Rhett Butler

 
Rhett Butler founded Mongabay.com in 1999 with the mission of raising interest in and appreciation of wild lands and wildlife.

Today Rhett serves as CEO of Mongabay.org, a non-profit journalism organization with more than 80 staff across two dozen countries and over 900 contributing journalists. Mongabay operates several bureaus, including the global English news site, Mongabay-Latam (Spanish), Mongabay-India (English and Hindi), Mongabay-Brasil (Portuguese), and Mongabay-Indonesia (Indonesian). It also runs capacity-building programs for environmental journalists and an environmental education site.

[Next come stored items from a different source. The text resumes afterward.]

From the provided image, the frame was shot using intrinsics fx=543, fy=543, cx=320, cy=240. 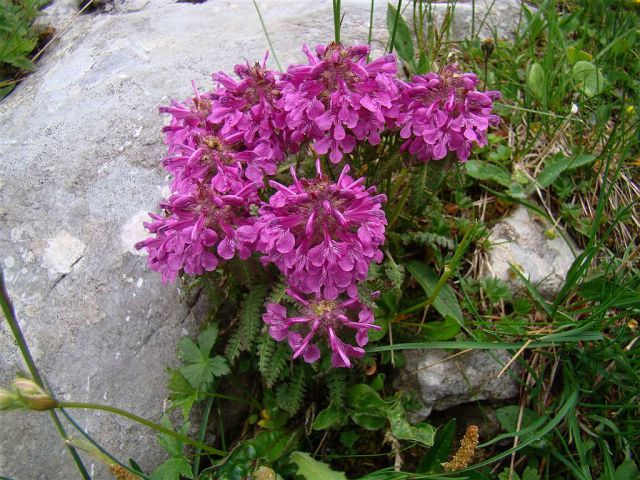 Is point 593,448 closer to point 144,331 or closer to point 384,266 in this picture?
point 384,266

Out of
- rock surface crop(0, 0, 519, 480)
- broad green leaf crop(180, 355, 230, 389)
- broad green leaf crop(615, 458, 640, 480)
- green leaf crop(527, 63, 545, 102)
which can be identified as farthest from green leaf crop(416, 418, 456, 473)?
green leaf crop(527, 63, 545, 102)

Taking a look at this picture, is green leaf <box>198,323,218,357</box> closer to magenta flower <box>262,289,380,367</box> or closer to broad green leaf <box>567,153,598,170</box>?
magenta flower <box>262,289,380,367</box>

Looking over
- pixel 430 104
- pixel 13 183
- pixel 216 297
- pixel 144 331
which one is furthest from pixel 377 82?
pixel 13 183

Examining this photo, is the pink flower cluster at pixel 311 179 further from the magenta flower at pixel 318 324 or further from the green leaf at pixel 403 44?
A: the green leaf at pixel 403 44

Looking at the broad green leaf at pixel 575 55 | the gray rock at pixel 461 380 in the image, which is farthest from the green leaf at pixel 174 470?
the broad green leaf at pixel 575 55

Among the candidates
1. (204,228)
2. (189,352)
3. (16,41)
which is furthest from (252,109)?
(16,41)

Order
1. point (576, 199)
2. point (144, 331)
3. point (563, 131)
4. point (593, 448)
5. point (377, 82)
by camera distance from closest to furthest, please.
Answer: point (377, 82)
point (593, 448)
point (144, 331)
point (576, 199)
point (563, 131) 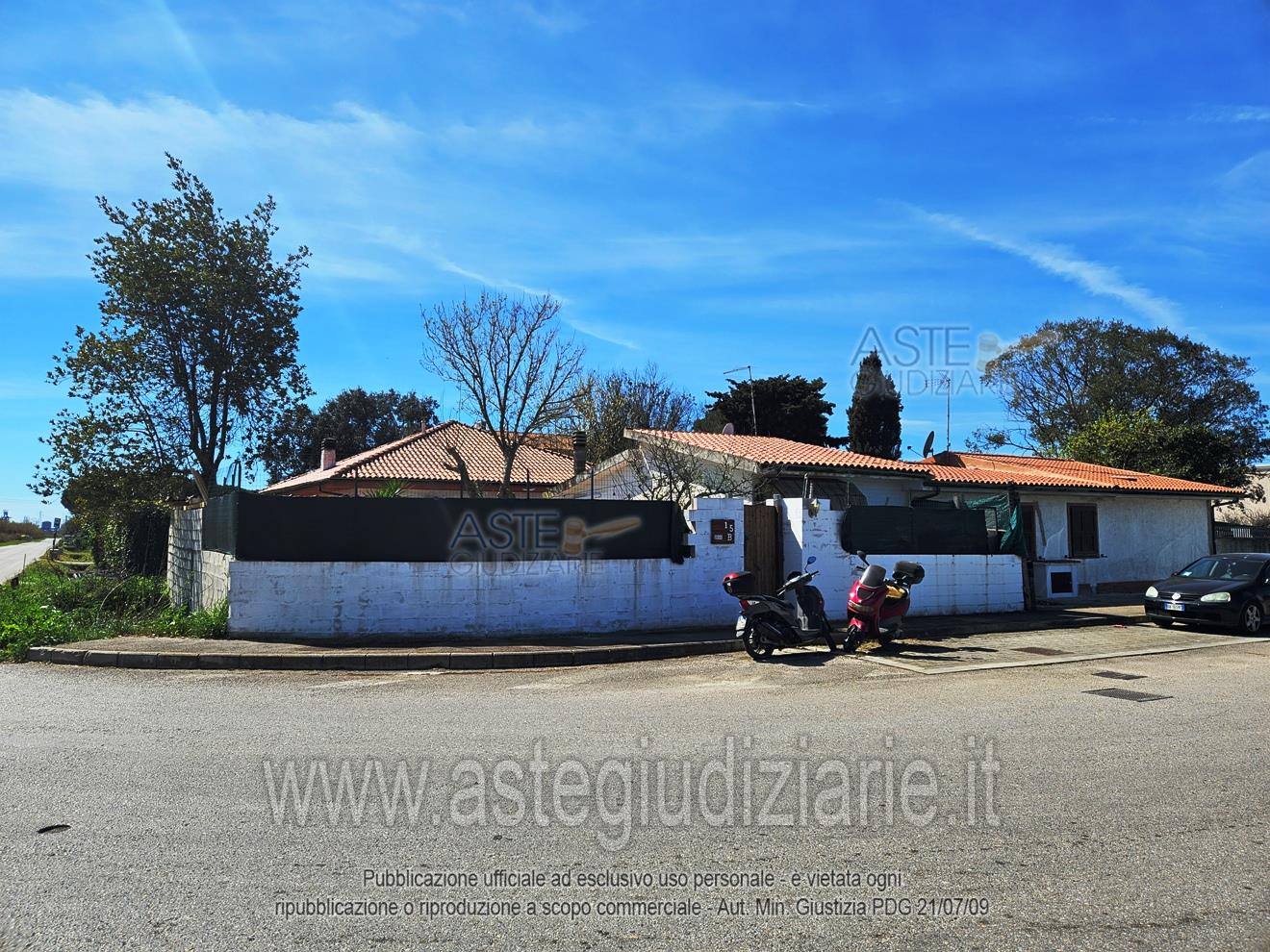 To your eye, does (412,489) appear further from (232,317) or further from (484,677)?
(484,677)

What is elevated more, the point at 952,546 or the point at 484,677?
the point at 952,546

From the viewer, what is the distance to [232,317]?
99.1ft

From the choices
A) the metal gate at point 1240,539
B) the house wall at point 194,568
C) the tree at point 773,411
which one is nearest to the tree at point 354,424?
the tree at point 773,411

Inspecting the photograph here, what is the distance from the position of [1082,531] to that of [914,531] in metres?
9.21

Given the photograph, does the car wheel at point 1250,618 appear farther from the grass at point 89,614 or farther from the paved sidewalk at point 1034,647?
the grass at point 89,614

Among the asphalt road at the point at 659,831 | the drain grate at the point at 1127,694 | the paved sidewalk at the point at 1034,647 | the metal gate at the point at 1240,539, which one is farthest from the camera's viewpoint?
the metal gate at the point at 1240,539

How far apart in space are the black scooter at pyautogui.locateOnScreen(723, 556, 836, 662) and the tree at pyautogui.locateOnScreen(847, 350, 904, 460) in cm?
2735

Beyond Mongabay, Rhett was co-founder of Tropical Conservation Science, an open-access academic journal that aims to provide opportunities for scientists in developing countries to publish their research, and the Tropical Forest Network, a social network in the San Francisco Bay Area that held nearly 100 in-person events on forest issues between 2009-2019. Rhett also founded WildMadagascar.org, a site that highlights the spectacular cultural and biological richness of Madagascar.

Rhett Butler in a peat swamp in Central Kalimantan, Indonesian Borneo
Rhett Butler in a peat swamp in Central Kalimantan, Indonesian Borneo

Outside of these pursuits, Rhett has advised a wide range of organizations, including governments, multilateral development agencies, media outlets, academic institutions, foundations, and private sector entities. He has been an information source for the BBC, CNN, CBS, NBC, Fox News, National Geographic, the Wall Street Journal, Fortune Magazine, Business Week, Bloomberg, the Discovery Channel, Animal Planet, Reuters, Voice of America, the Associated Press, the San Francisco Chronicle, the L.A. Times, the New York Times, the Washington Post, Vice, and Forbes, among others.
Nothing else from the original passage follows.